[Supplied material]

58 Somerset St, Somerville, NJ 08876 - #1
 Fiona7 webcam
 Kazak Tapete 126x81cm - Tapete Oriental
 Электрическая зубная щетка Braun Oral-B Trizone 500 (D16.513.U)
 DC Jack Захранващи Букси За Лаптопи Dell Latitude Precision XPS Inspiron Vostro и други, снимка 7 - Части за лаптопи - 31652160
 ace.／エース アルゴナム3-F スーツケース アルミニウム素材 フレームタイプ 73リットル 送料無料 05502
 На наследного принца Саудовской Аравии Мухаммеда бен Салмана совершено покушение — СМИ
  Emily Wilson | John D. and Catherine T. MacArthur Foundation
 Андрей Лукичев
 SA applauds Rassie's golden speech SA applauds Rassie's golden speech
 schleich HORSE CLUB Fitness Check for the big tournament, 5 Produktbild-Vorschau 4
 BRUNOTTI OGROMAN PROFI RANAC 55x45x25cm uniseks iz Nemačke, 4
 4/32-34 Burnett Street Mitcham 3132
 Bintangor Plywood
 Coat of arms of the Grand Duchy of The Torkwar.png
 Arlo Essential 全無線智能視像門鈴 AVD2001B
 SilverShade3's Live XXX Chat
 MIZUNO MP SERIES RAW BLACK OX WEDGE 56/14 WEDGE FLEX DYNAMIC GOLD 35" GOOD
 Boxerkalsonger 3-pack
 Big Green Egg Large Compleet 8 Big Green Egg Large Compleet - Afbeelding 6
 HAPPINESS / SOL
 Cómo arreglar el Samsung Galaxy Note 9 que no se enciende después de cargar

[/Supplied material]

To do:
Using the entries above, return exactly the lines from the line with "На наследного принца" to the line with "Coat of arms", counting both of those lines.

Solved exercise:
 На наследного принца Саудовской Аравии Мухаммеда бен Салмана совершено покушение — СМИ
  Emily Wilson | John D. and Catherine T. MacArthur Foundation
 Андрей Лукичев
 SA applauds Rassie's golden speech SA applauds Rassie's golden speech
 schleich HORSE CLUB Fitness Check for the big tournament, 5 Produktbild-Vorschau 4
 BRUNOTTI OGROMAN PROFI RANAC 55x45x25cm uniseks iz Nemačke, 4
 4/32-34 Burnett Street Mitcham 3132
 Bintangor Plywood
 Coat of arms of the Grand Duchy of The Torkwar.png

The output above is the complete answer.